Jetzt hat es also begonnen, das Mozart-Jahr! Was feiern wir eigentlich? Am 27. Jänner 1756 wurde Wolfgang Amadeus Mozart in Salzburg geboren, er starb am 5. Dezember 1791 in Wien. Dazwischen liegt ein rastloses Leben, das ihn in alle Hauptstädte Europas führte, zuerst als gefeiertes Wunderkind, später als Künstler, der sich von klerikaler und royaler Patronage zu emanzipieren suchte, was ihm nur teilweise gelang.

Mozarts Werk, das mit Worten nicht zu beschreiben ist, umfasst Messen, Kammermusik, Symphonien, Konzerte, Opern. Sein Leben ist vergleichsweise gut dokumentiert, da viele eigenhändige Briefe erhalten sind, die oft so gar nicht mit dem Image eines frühreifen Genies zusammenpassen.

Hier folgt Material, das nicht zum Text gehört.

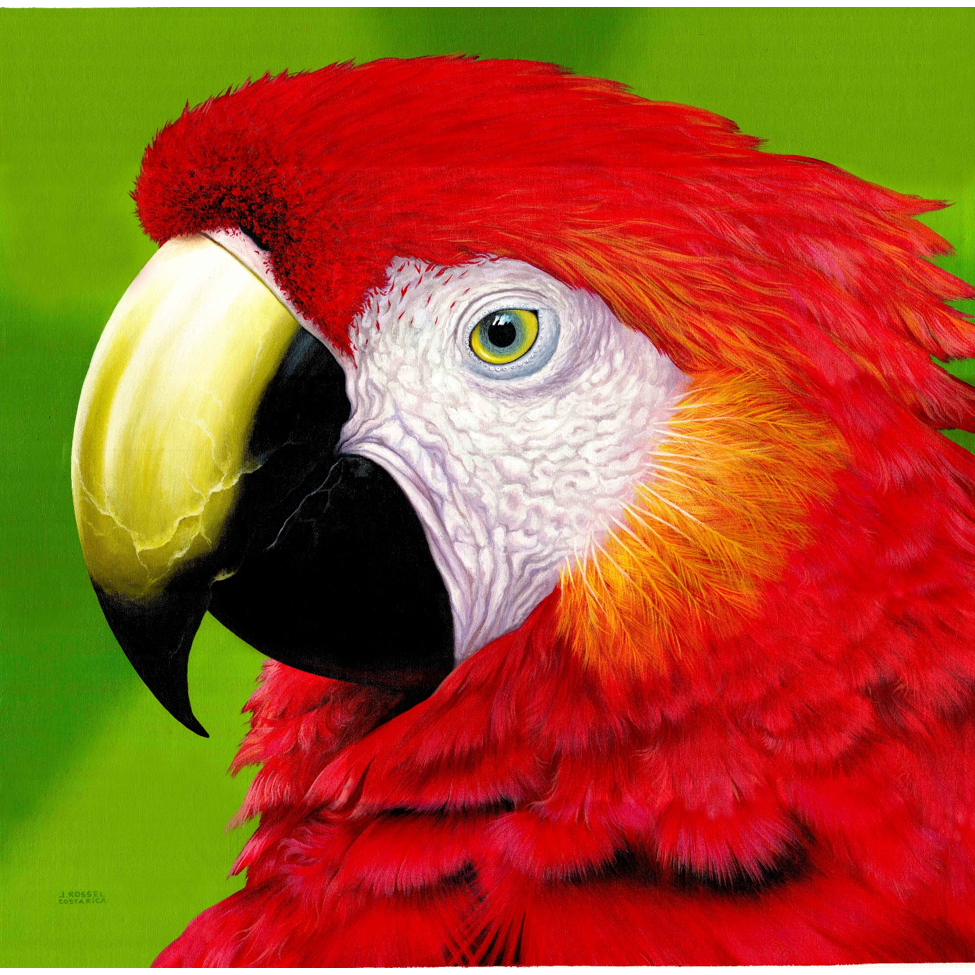 www.costaricacongo.com www.costaricagiftshops.com gift souvenir handmade Giclee Art Work - Red Parrot Portrait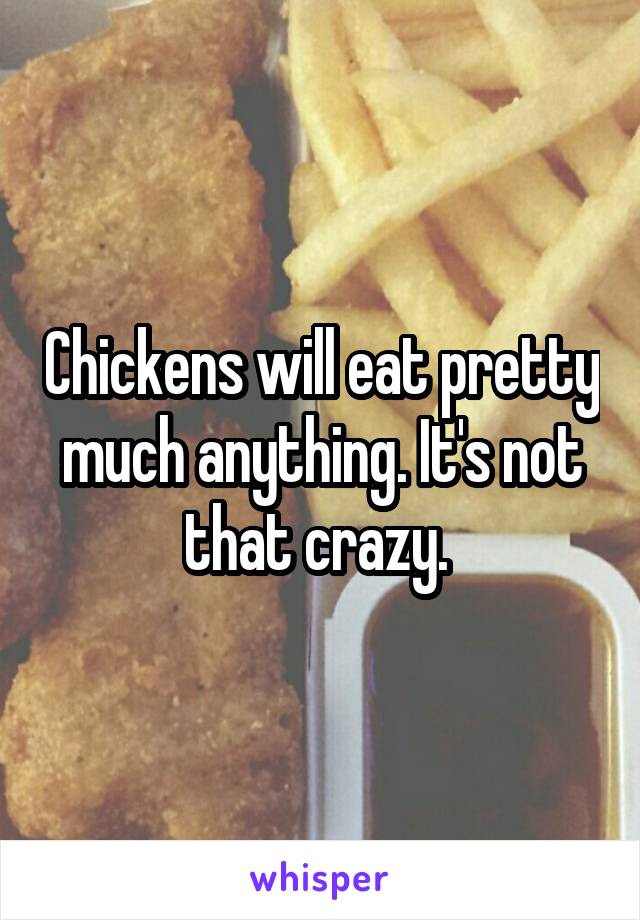 Chickens will eat pretty much anything. It's not that crazy. 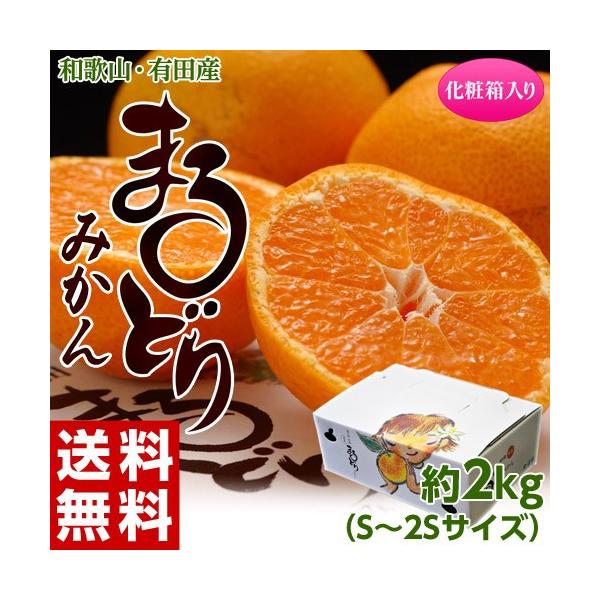 《送料無料》和歌山産 まるどりみかん 化粧箱 Ｓ〜2Ｓ 約2キロ frt ☆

Rechtzeitig zum 250. Geburtstag erschien eine Flut von Büchern zu und rund um Mozart, seine Werke werden besonders häufig aufgeführt, und eine Gedenkveranstaltung jagt die andere.

Mozarts Geist soll sogar die Staats- und Regierungschefs der Europäischen Union inspirieren, die der Bundeskanzler für den 27. Jänner 2006 zu einer Konferenz mit dem sinnigen Titel "The Sound of Europe" nach Salzburg eingeladen hat. Aber lassen Sie sich nicht täuschen! Es geht nicht um Musik und auch nur am Rande um Kultur. Hinter täuschenden Titeln wie "Was nun? Ein neuer Klang?" referiert zum Beispiel der Generalsekretärdes Rates Javier Solana über die gemeinsame europäische Außenpolitik. Bei " Die Europäische Krise. Ein Klang in Moll?" geht es um die weitere Vorgangsweise zur europäischen Verfassung.

Um keine Mißverständnisse aufkommen zu lassen: Debatten über Europa und seine globale Verantwortung in Gegenwart und Zukunft sind nützlich und notwendig. Aber warum muss dafür Mozarts Geburtstag als Aufhänger herhalten?

Denn wie schreibt Hans Weigel? "Mozart steht jenseits, steht hoch über allem Nationalen, und es scheint mir lästerlich, ihn mit simplen geografischen und historischen Gegebenheiten zu entweihen. Zu Mozart kann man nur beten; auf ihn stolz zu sein, wäre bereits unerlaubte Vertraulichkeit."